(Work to complete) With the line containing "Building Photo - 3140 S Ocean Dr" as the start and the line containing "OC Metals –" as the end, transcribe that span of the entries below exactly, including both.

** Supplied data follows **

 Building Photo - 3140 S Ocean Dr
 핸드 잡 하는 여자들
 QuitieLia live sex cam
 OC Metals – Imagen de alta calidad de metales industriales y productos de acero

** End of Supplied data **
** Supplied data follows **

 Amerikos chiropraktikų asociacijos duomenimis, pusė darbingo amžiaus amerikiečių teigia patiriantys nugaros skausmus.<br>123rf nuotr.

** End of Supplied data **
** Supplied data follows **

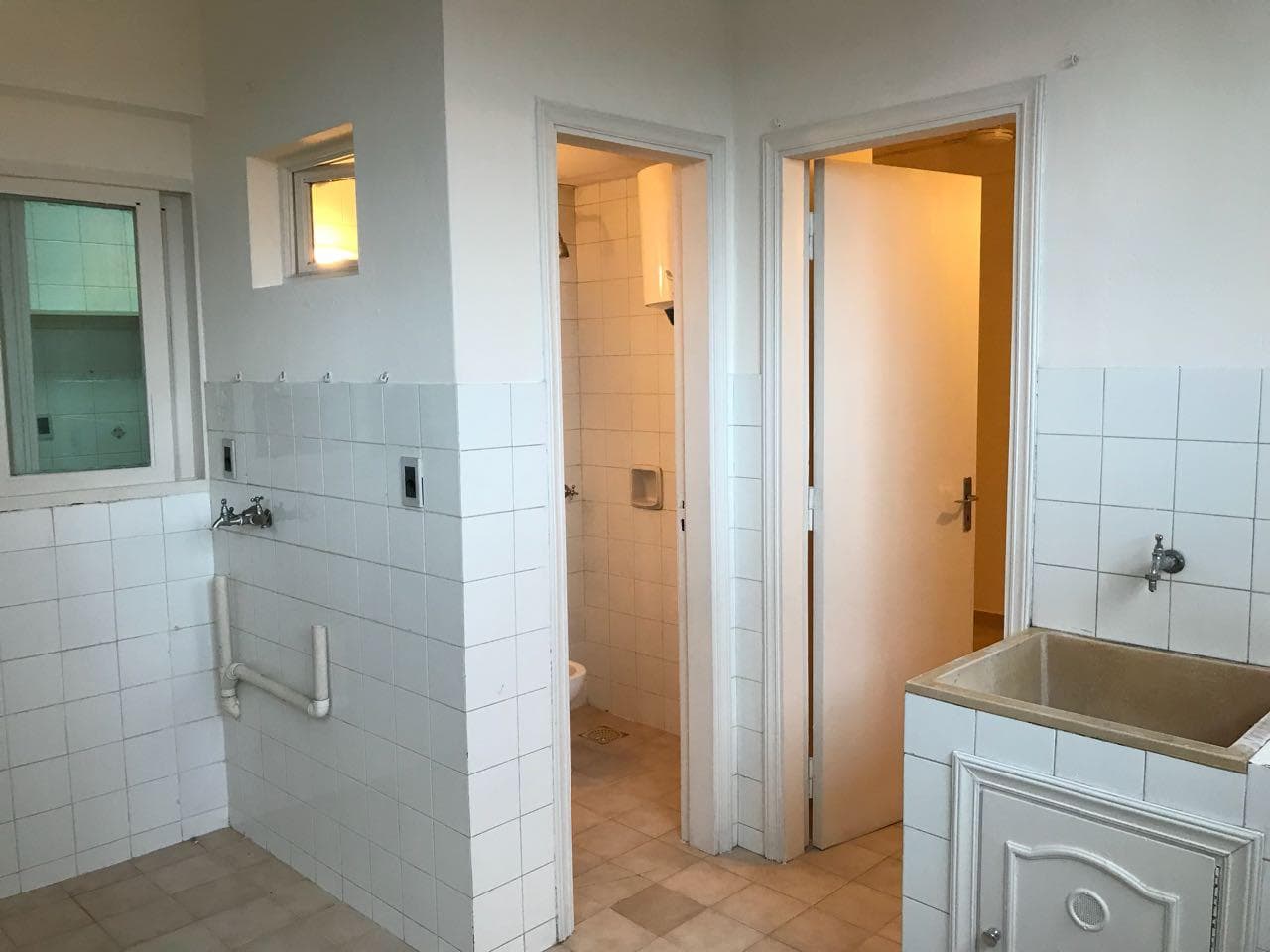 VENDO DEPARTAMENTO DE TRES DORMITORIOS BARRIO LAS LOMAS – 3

** End of Supplied data **

(Result of this exercise)
 Building Photo - 3140 S Ocean Dr
 핸드 잡 하는 여자들
 QuitieLia live sex cam
 OC Metals – Imagen de alta calidad de metales industriales y productos de acero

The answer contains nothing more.